Yeah, but if they did that they would just find that people were pirating their mp3s. You can't blame the industry for not embracing new technology when it just means songs can be pirated faster and easier.

They need some kind of technology to let people download music without being able to copy it... oh wait, that would be the <a href="[http://www.sdmi.org]">Secure Digital Music Initiative.

[ Parent ]

I'm more or less with RIAA on this one (4.00 / 1) (#18)
by Camelot on Tue May 09, 2000 at 09:43:59 AM EST

I've been against Napster ever since these law suits started coming in, and I applauded Metallica for suing them. After that, I started to wonder why I was so vehemently opposed to them.
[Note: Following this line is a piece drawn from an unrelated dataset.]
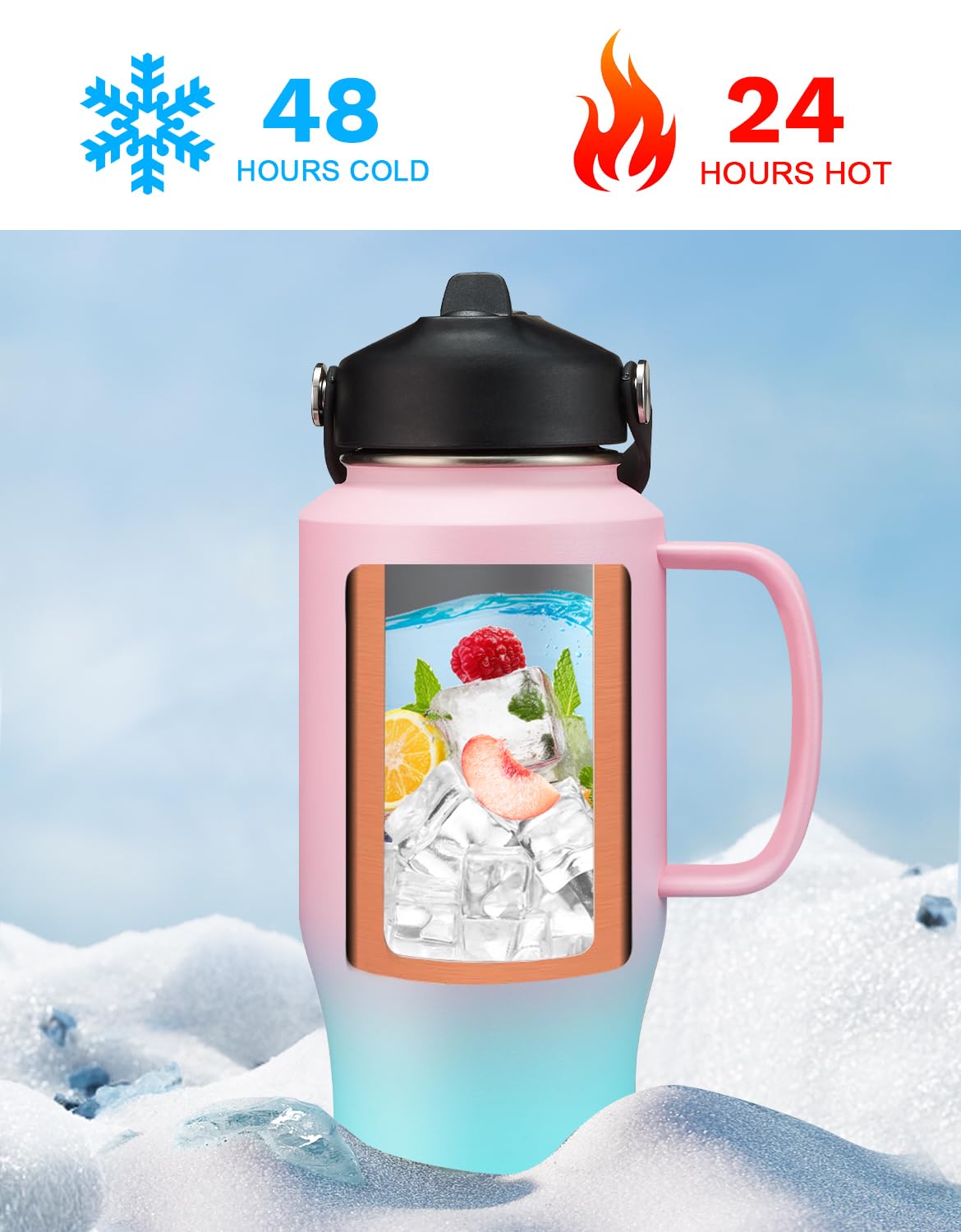 32Oz 40Oz Insulated Tumbler With Handle - Straw & Auto Spout Lid, Protective Boot, Stainless Steel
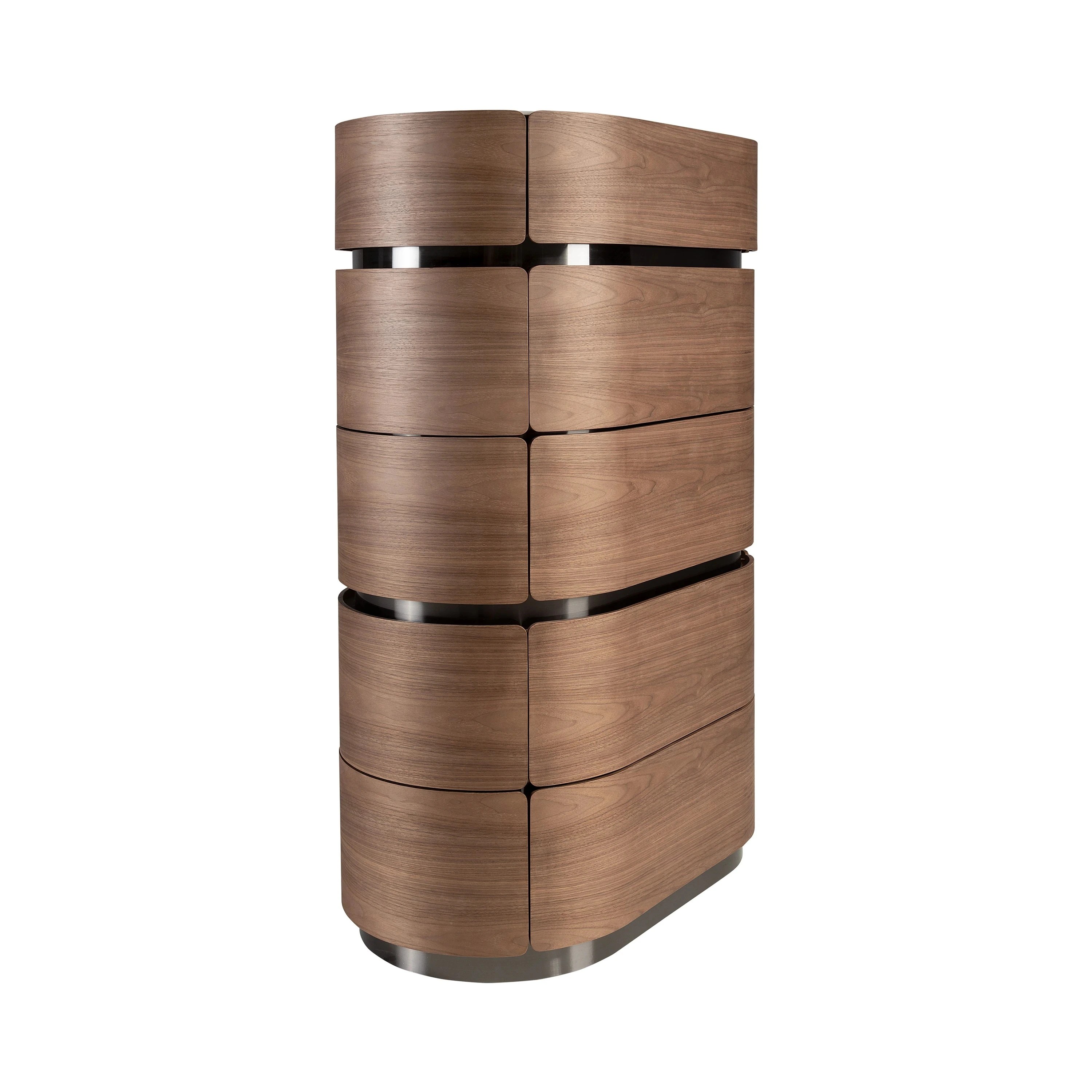 Chiffonnier en noyer avec base en acier foncé et plateau en marbre céramique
It all became clear to me when I read the recent article by Bruce Perens at Technocrat (I agreed with him 100%). It was the fear of losing our ideals of freedom if Napster were allowed to continue that provoked my reaction. Also, I didn't want people to compare Napster to the DeCSS case - while Napster was about piracy, DeCSS was not.

No matter how easy and simple sharing files with Napster and its open source equivalents is, no matter how difficult it is to stop this piracy - it doesn't make make it less illegal, and it certainly doesn't make it right. Likewise, the effect of MP3 on CD sales is also irrelevant. This is what the RIAA spokesman says, and this is what I have been saying all along.

And finally I agree that law suits aren't the answer. There must be a way to pay for music online. Letting piracy go on isn't beneficial to anyone except the pirates themselves.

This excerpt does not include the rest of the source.